AIM OF THE EXERCISE:
From the records below, output exactly the lines starting at the line with "処女がピンクの膣をクローズアップで見せて、全てを見ようと広がる" and ending at the line with "Bureau - 74 m² - 5 pièces", both of them included, but no pictures.

RECORDS SHOWN:
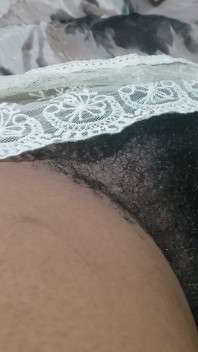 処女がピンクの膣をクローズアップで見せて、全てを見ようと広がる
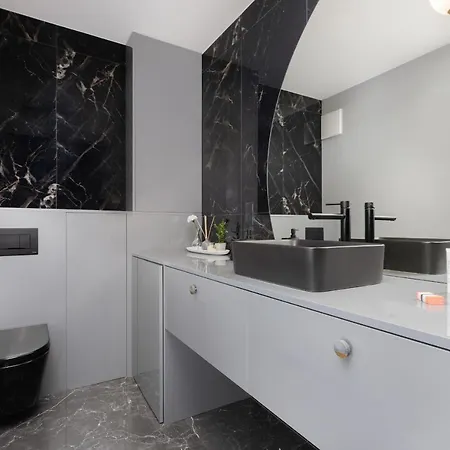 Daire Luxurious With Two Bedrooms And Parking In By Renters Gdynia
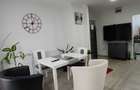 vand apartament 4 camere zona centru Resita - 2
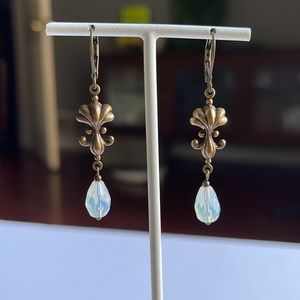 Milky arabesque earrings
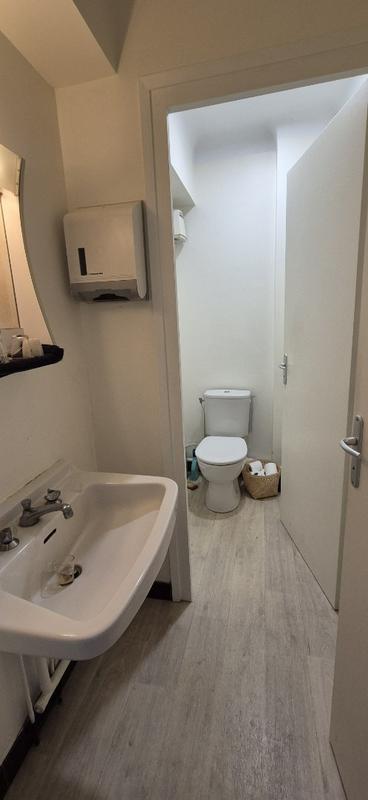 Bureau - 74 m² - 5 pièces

* * *

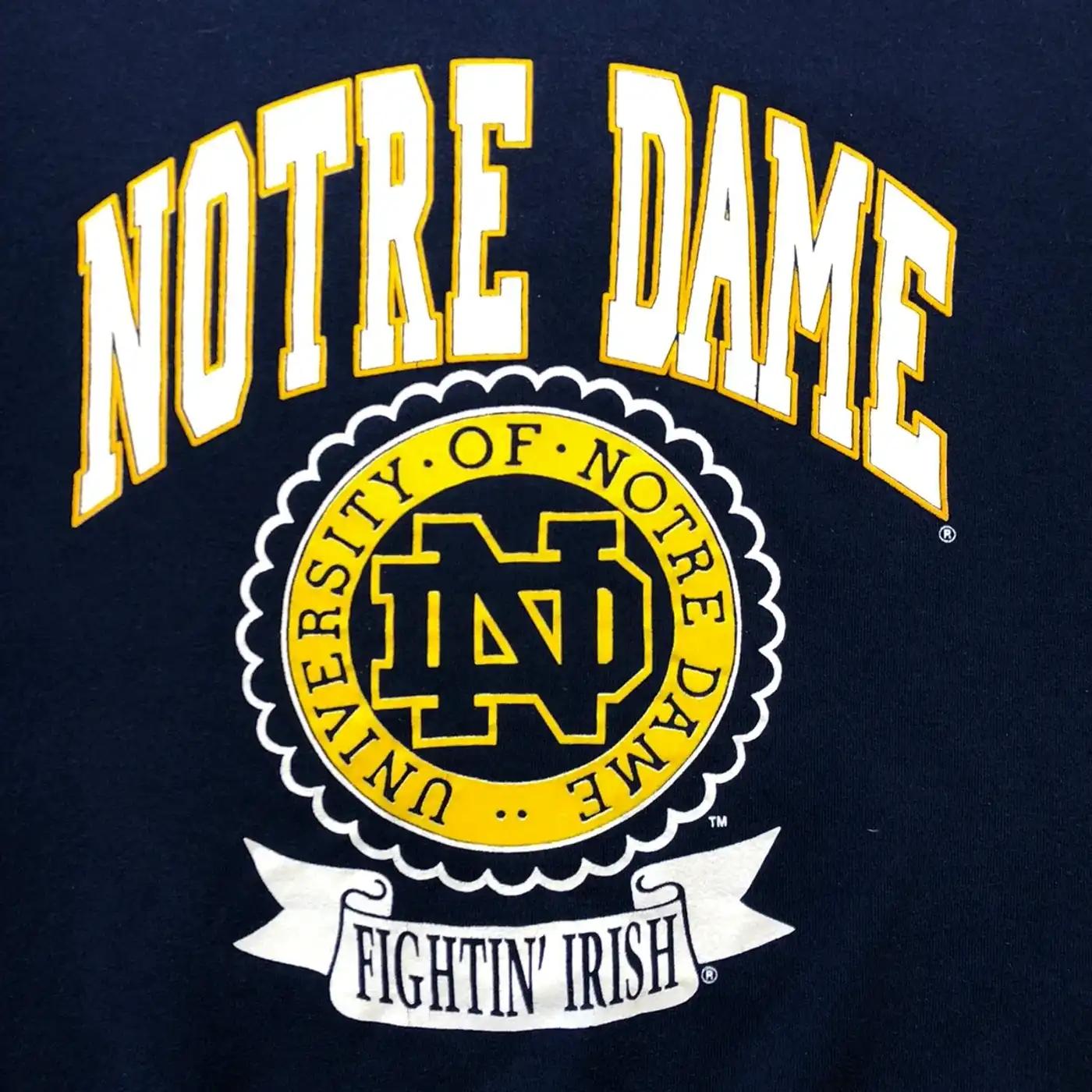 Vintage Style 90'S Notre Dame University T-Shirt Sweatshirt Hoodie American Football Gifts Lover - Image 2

--

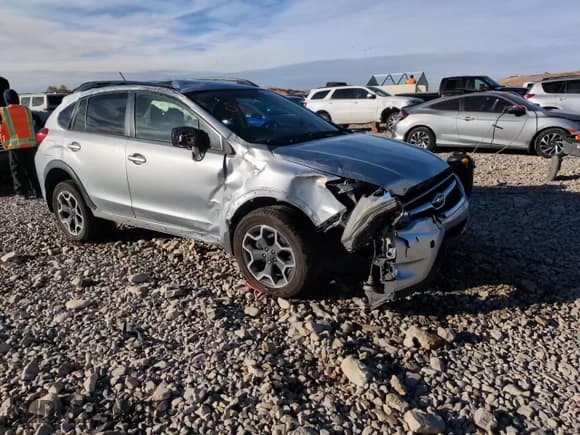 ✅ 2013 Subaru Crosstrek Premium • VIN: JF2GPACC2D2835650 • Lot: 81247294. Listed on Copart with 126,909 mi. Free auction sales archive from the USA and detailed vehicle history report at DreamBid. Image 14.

WRITTEN ANSWER:
 処女がピンクの膣をクローズアップで見せて、全てを見ようと広がる
 Daire Luxurious With Two Bedrooms And Parking In By Renters Gdynia
 vand apartament 4 camere zona centru Resita - 2
 Milky arabesque earrings
 Bureau - 74 m² - 5 pièces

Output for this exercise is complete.